By Jack Minch
Sentinel & Enterprise
April 21, 2012
LEOMINSTER — Carolina Correa was just 6 years old when her grandparents were murdered in her native Colombia.
Six months later her father was stabbed 36 times and left to die on the steps to their home.
Violence and tragedies continued to pursue her early life but Correa told about 200 young people at the 13th annual North Central Massachusetts Youth Summit that she made a decision to persevere and go to college after arriving in the United States.
“Life has a funny way of throwing obstacles at us,” Correa said. “My life isn’t perfect, your life isn’t perfect. Don’t use it as a crutch.”
LUK organized the summit, held at the Boys & Girls Club of Fitchburg and Leominster, to celebrate community service leadership among young people, but it took a large collaboration to pull it off, said Train Wu, the youth development coordinator for LUK.
“For me, personally, leadership is someone who does things other people do not want to do,” Wu said.
LUK has a youth development program encouraging young people to be positive influences on their peers, which served as an impetus for the summit, said Amanda Landry, a mentor recruiter for LUK.
Many young people contribute to their communities, including working with the elderly, cleaning their neighborhoods and helping others at school, said Dean Bailey, a youth development specialist for LUK.
“Our goal is to get them as much recognition as possible,” he said.
District Attorney Joseph D. Early Jr. briefly addressed the summit. Afterward he praised LUK and the collaboration that put together the the summit.
“This is the type of thing kids need to be involved with,” he said.
The summit encouraged children to persevere and to work hard for education.
“What better message is there than that?” Early asked.
During her keynote address, Correa shared the story of her life in Colombia and as an immigrant child who set a goal to reach college and is now a dual major in psychology and political science at Assumption College in Worcester.
She was the first Latina to be named teen spokeswoman for the Boys & Girls Club of America in 2009-2010.
After her father was murdered, Correa, 21, went to live with another grandmother and received financial support from an aunt.
Then the aunt was murdered and her grandmother suffered a fatal heart attack.
Correa’s mother remarried and the family moved to Pawtucket, R.I., but her problems didn’t end.
Her stepfather’s health failed, and Correa had to care for him while her mother worked multiple jobs to support the family.
She credited the Boys & Girls Club with teaching her to be her own person and to persevere over obstacles.
She arrived in the United States unable to speak English and now speaks with hardly a trace of an accent.
Five years ago she was afraid to swim in the deep end of a pool but now is a member of Assumption College’s swim team.
“It’s struggles that builds foundations. It’s struggles that build strength. It’s struggles that build learning.

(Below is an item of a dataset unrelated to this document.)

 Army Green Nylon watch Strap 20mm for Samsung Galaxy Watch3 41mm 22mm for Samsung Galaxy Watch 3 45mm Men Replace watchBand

Luis Correa, 16, a Leominster High School junior, plans to be an architect, and after Carolina Correa’s speech he attended a workshop on music production.
“I figured it would be interesting to improve my leadership from guest speakers,” said Correa, who is not related to Carolina Correa.
Kareen Serwaa, 16, a sophomore at Leominster High School, is a member of Upward Bound and wants to attend college to be a hematologist who works with patients who have sickle cell anemia.
She planned to attend workshops on drug- and alcohol-abuse prevention, and a hip-hop dance class.
“I’m here to experience what’s going on, it’s my first time,” Serwaa said.
Samantha Heughan, 13, is a Gardner Middle School eighth-grader.
She attended the leadership summit with an eye toward how it can help her in college.
LUK’s planning partners for the summit included Fitchburg State University, Upward Bound Program, Early’s office, Montachusett Opportunity Council and the Boys & Girls Club of Fitchburg and Leominster.
Partial funding was provided by the state Public Health Department, Youth Violence Prevention Program, and North Central Massachusetts Workforce Investment Board.